[Opening Data section]

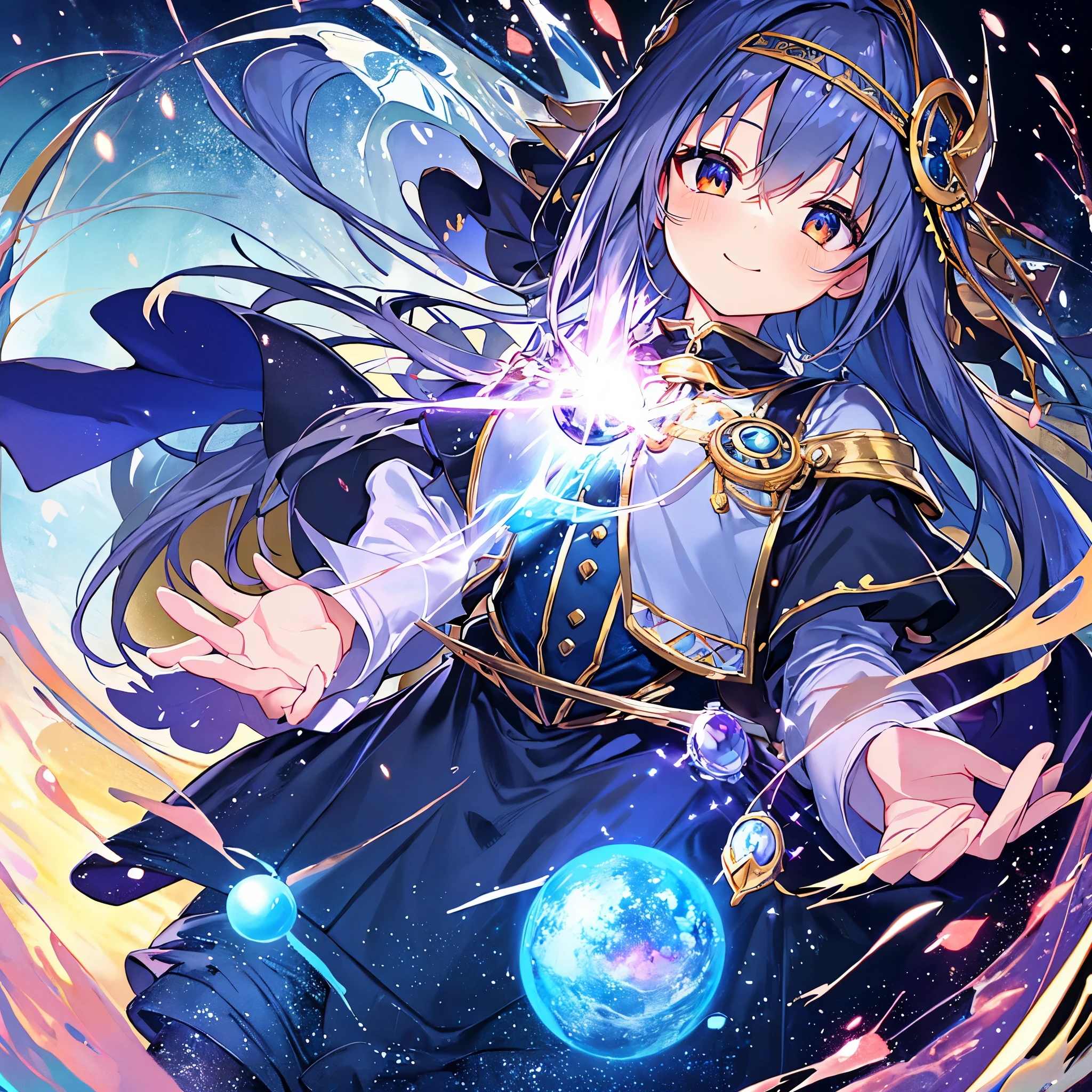 highest quality、masterpiece、High resolution、One beautiful girl、Lori、magic、detailed face、smile、black mage outfit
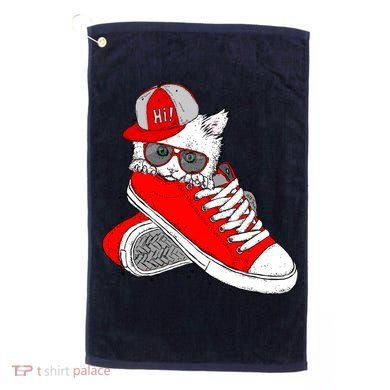 Cat In Red Sneakers Golf Towel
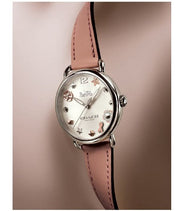 Coach Delancey White Dial Pink Leather Strap Watch for Women - 14502799
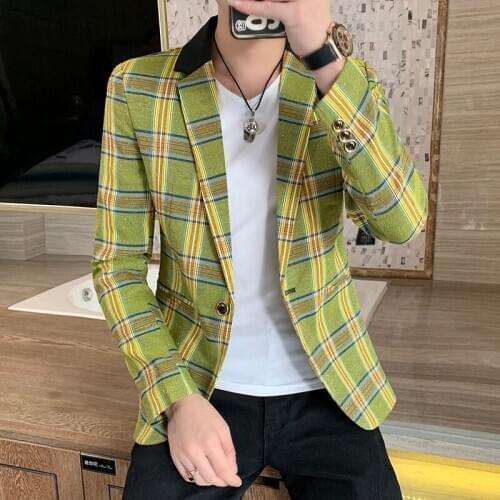 Mens Slim Fit Smart Casual One Button Jacket Single Button Blazers Coat Checks L9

[Closing Data section]

Starting at the line that contains "Coach Delancey White", please write out each line through the last line of the data, both ends included, and keep pictures out of the copy.

 Coach Delancey White Dial Pink Leather Strap Watch for Women - 14502799
 Mens Slim Fit Smart Casual One Button Jacket Single Button Blazers Coat Checks L9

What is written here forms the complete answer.